This is the pixel implementation of Concatenated Synthesis that commonly used for audio synthesis
How it works technically
The system runs a 4-stage pipeline using GLSL compute shaders and a fragment shader:
-
Stage 1 – Corpus Preprocessing
I extract features from 256 patches (64×64) from the corpus video. Each patch is analyzed for RGB mean and variance, stored as a 256×1 feature texture. This step runs offline using a compute shader. -
Stage 2 – Input Feature Extraction
The input video is divided into 16×16 patches (25×18 grid for a 400×300 input). A compute shader calculates the same features (RGB mean + variance) for each patch in real time. -
Stage 3 – Nearest Neighbor Matching
For every input patch, another compute shader loops through all 256 corpus features, computes the Euclidean distance, and finds the closest match. The best corpus patch ID is written into an index texture. -
Stage 4 – Final Rendering
A fragment shader reads the index texture, fetches the matching corpus patch from a 2D texture array, scales it from 64×64 to 16×16, and renders the final output at 400×300.

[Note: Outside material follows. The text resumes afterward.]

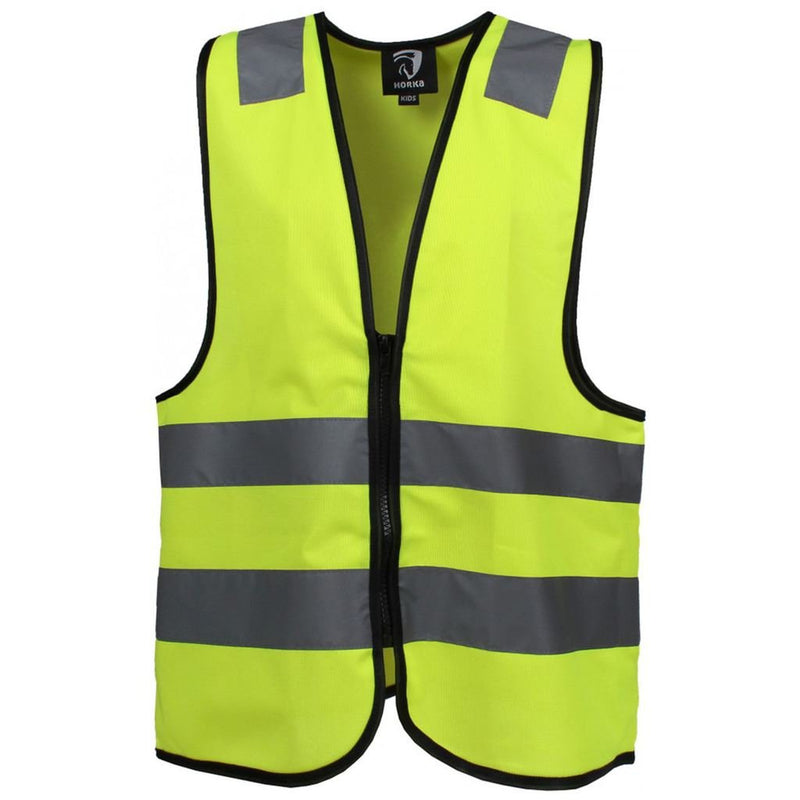 Horka Vest With Elastic Fluorescent & Reflective Lightweight Horse Rider Safety Yellow XS - PawsPlanet Australia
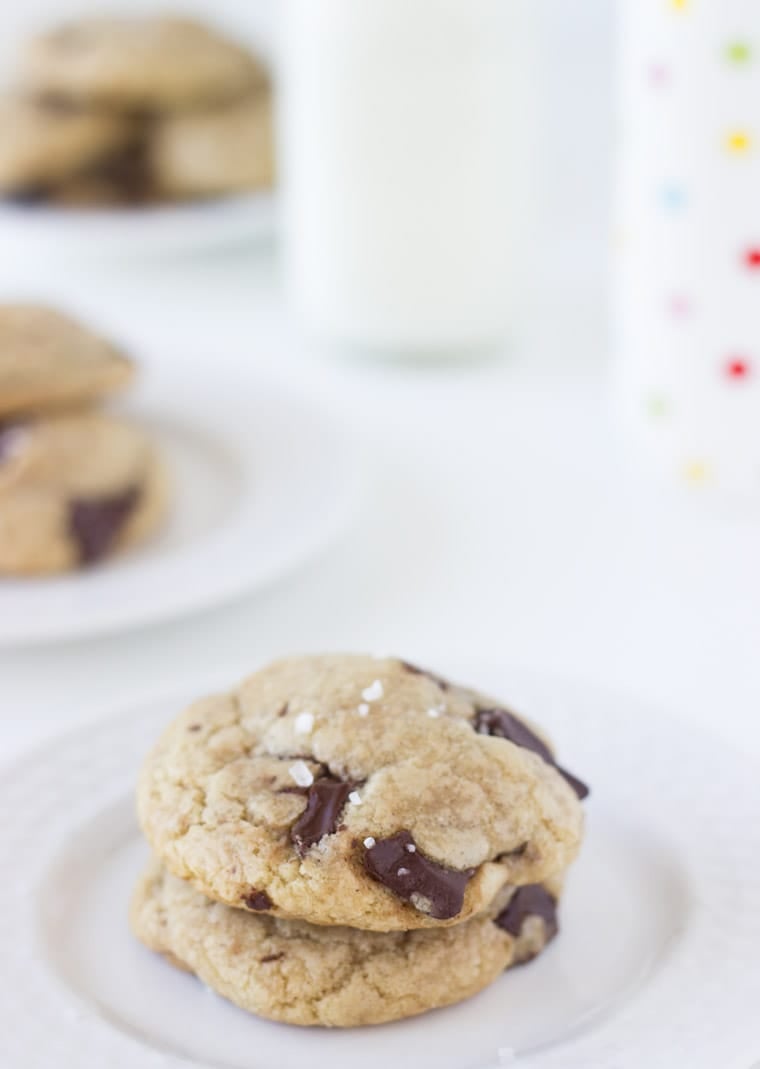 Coconut Chocolate Chunk Cookies - thick and chewy dairy-free cookies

Everything runs on the GPU using GLSL Multi TOP for compute shaders and GLSL TOP for the final fragment-shader rendering.
Tested Hardware
This implementation is only tested on my MacBook Pro (64GB RAM, M-series Pro/Max tier – the highest configuration available at the time). Performance or behavior on other systems may differ.
I am not an expert in computer graphics, so if you have suggestions, critiques, improvements, or anything that could make this better, they are very welcome.